As wrenching as Kendrick's grief is, she is just one of the countless Americans who feel the anguish that continues to tear the country apart. Across the nation, in millions of homes in thousands of cities, similar scenes played out, as survivors gathered to mourn, pray, and somehow pick up the pieces while attempting to make sense of it all.

In Fargo, ND, Tom Blake, 89, attended the funeral of his wife Edith, who died of a brain tumor Thursday night. In Augusta, ME, family members broke down in tears, overwhelmed by news of the hang-gliding death of 26-year-old outdoorsman Lance Blaine. And in Cicero, IL, no explanations could comfort the family of accidental auto-erotic-asphyxiation victim Bob Carpenter. Everywhere, those left behind comforted each other as best they could, looking for some kind of hope.

"This epidemic knows no bounds, follows no common denominators, and crosses all demographic lines without impunity," said Harvard University's Gregory Jameson. "Although senior citizens and the terminally ill have seemed to suffer the most casualties, this syndrome does not discriminate. Rich and poor, young and old, people of all races, creeds and backgrounds imaginable have succumbed to its relentless advance."

Friends and family comfort potential victims of the death epidemic in Manila.

"We are, all of us, at risk," Jameson said, "and medical science is powerless to stop it."

As devastating as the crisis is here at home, it may be worse overseas. World Health Organization officials are reporting similar death rates across the globe, with widespread casualties reported from as far away as Somalia, Borneo, Brazil, Malaysia and Luxembourg.

In the wake of such suffering, there is no way to adequately explain the tragedy. Yet the seemingly random nature of the mass deaths has made them even harder for the survivors to understand.

"In a situation like this, it's only natural to want to assign blame," said Dr. Frederick MacDougal of the National Center for Infectious Diseases, who recently lost a third cousin to a degenerative nerve disorder. "But the disturbing thing about this case is that no one factor is at fault. People are dying for such a wide range of reasons—gunshot wounds, black-lung disease, falls down elevator shafts—that we have been unable to isolate any single element as the cause."

"No one simple explanation can encompass the enormous scope of this problem," MacDougal added. "And that's very difficult for most people to process psychologically."

As experts continue to struggle for a solution, the nation is left to cope with the crisis one day at a time. But as it stands, the death rate is so high that most of the resources of the world's funeral homes are being called upon to deal with the vast quantities of bodies. Virtually every mortician in the nation is currently employed in some capacity to meet the demand, and more corpses are arriving daily. The cost of the non-stop interments exceeds billions of dollars each year.
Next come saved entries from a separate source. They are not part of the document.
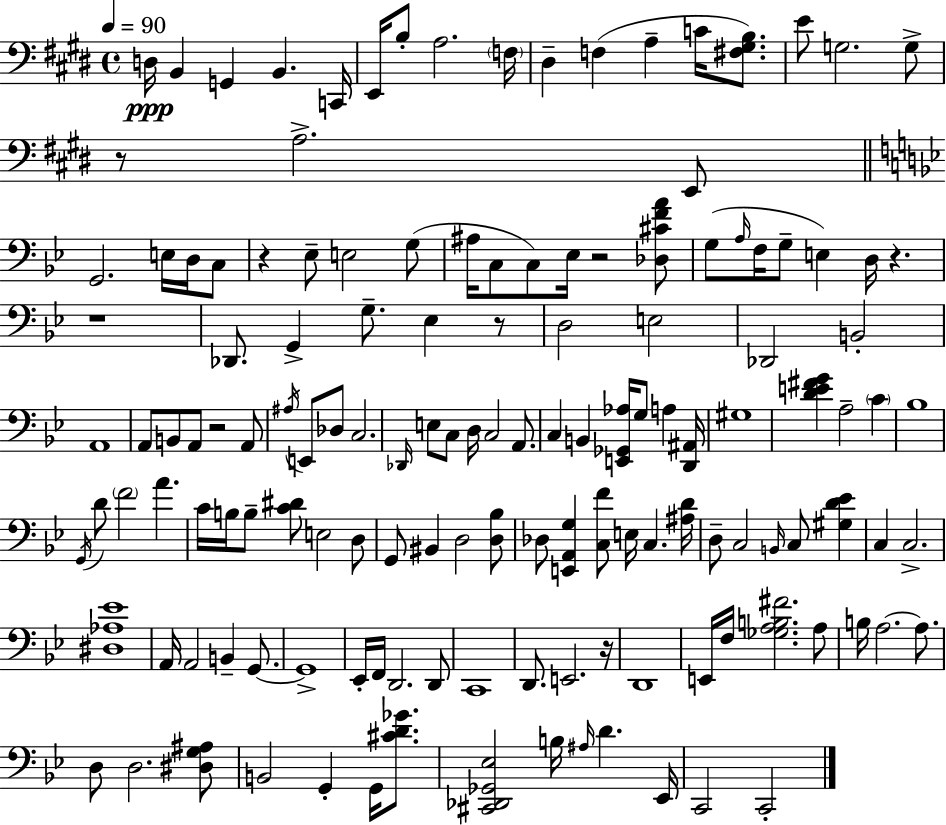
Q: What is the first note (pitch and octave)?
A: D3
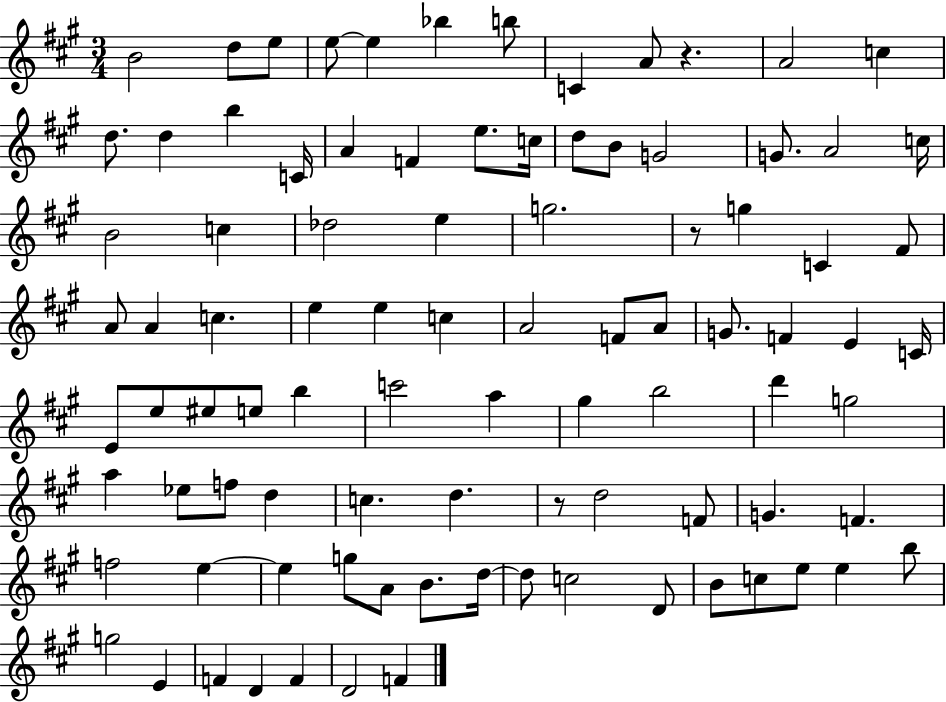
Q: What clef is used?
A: treble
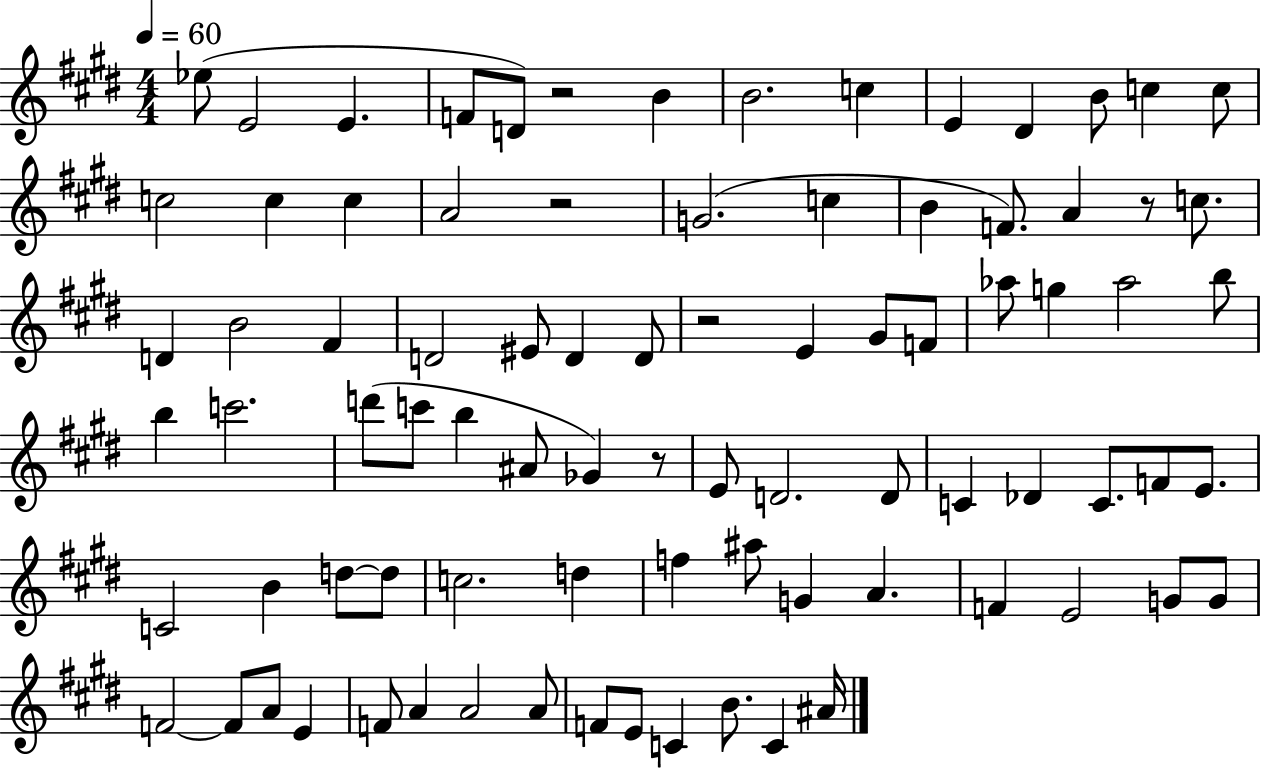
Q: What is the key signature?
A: E major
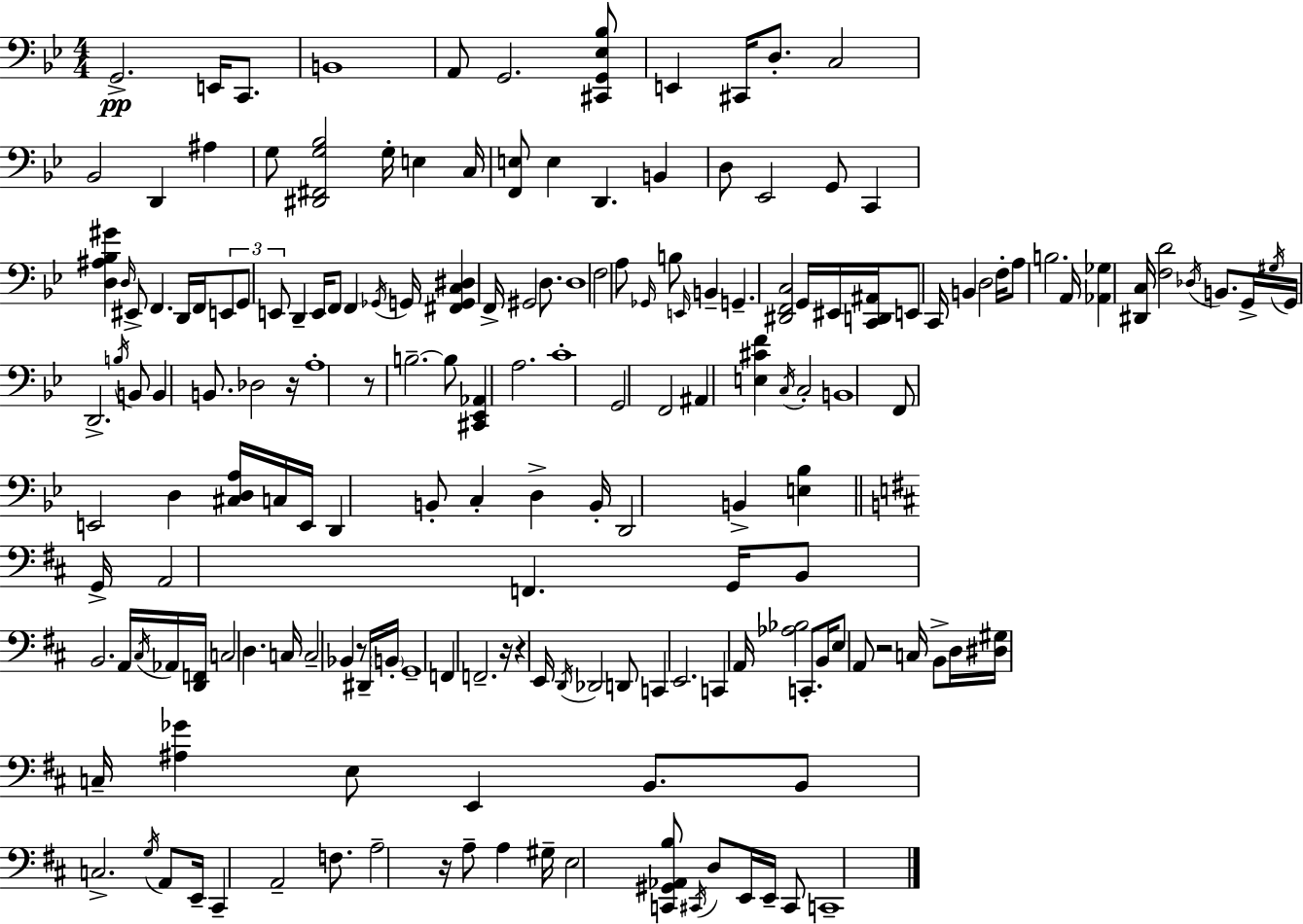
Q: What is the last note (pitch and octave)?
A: C2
As more people succumb each day, hospitals and doctors are finding themselves on 24-hour call. Taxed to the limit, the nation's health-care infrastructure is proving inadequate to handle the needs of sick and dying patients. And though sales of health aides and pharmaceuticals have skyrocketed, nothing has stemmed the tide.

Despite efforts to keep pace with the death toll, for now, all the nation can do is watch and wait. Since the crisis began, a vast majority of Americans have lost at least one family member, close friend, co-worker, distant relative, neighbor or peripheral acquaintance, or know someone who has. Yet even for the lucky few who remain unscathed, the fear remains.

"Our family has been spared so far, but for how long?" asked mother of four Karen Beemis, of Scottsdale, AZ. "Every night I lay awake in bed worrying and thinking, 'This is going to get one of us someday, too. Who will be the first? Grandma? Grandpa? My great-uncle Ted in Michigan?' There's just no way of knowing."

Meanwhile, as the world continues to grapple with this seemingly unstoppable threat, the deaths—and the sorrow, fear and pain they have wrought—continue.

As Margaret Heller, a volunteer at a clinic in Baltimore put it, "We do everything we can. But for most of the people we try to help, the sad truth is it's only a matter of time."